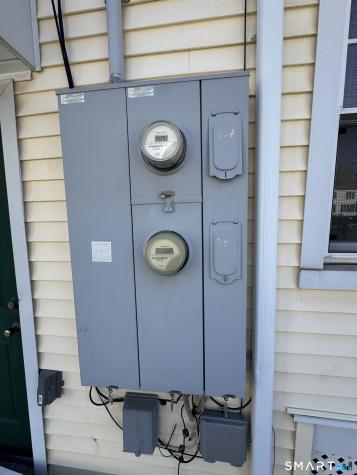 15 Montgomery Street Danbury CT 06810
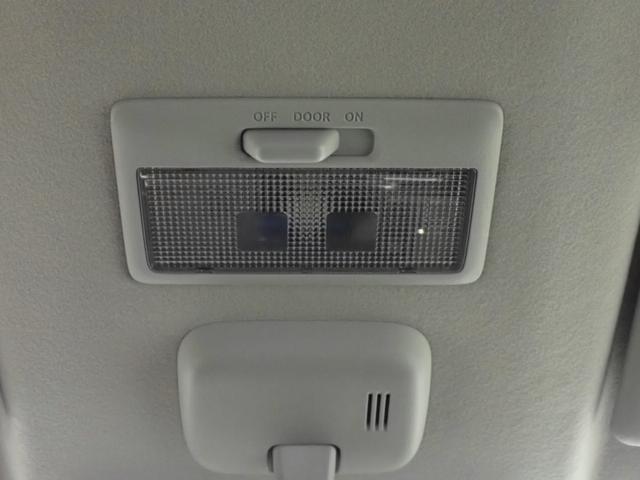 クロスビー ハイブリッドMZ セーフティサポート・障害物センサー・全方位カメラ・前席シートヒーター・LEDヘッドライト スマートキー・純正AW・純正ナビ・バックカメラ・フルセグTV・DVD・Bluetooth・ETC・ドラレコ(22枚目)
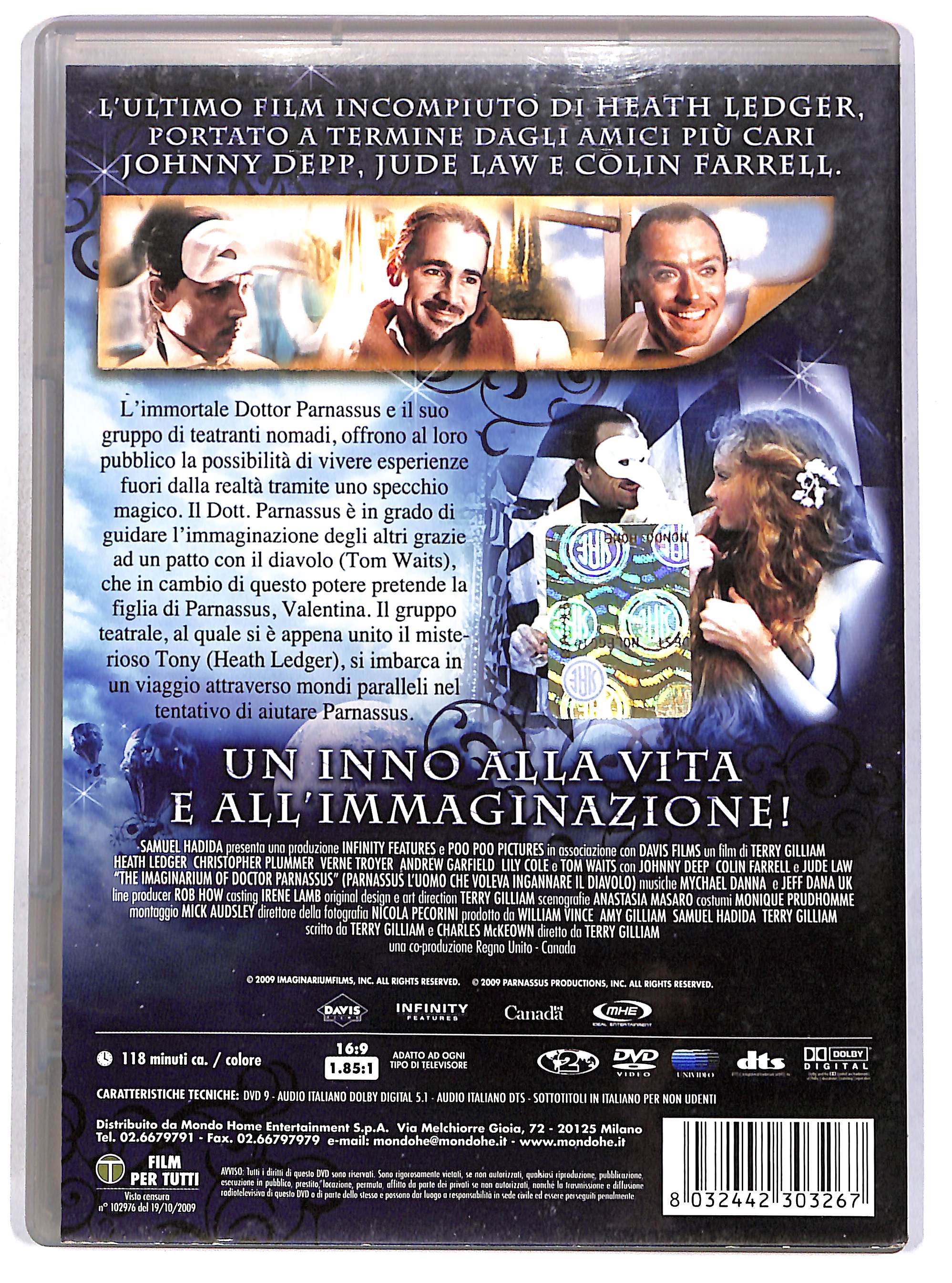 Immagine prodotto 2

**EXERCISE REQUIREMENTS:** Everything above except the pictures needs to be reproduced exactly.

**TASK SOLUTION:**
 15 Montgomery Street Danbury CT 06810
 クロスビー ハイブリッドMZ セーフティサポート・障害物センサー・全方位カメラ・前席シートヒーター・LEDヘッドライト スマートキー・純正AW・純正ナビ・バックカメラ・フルセグTV・DVD・Bluetooth・ETC・ドラレコ(22枚目)
 Immagine prodotto 2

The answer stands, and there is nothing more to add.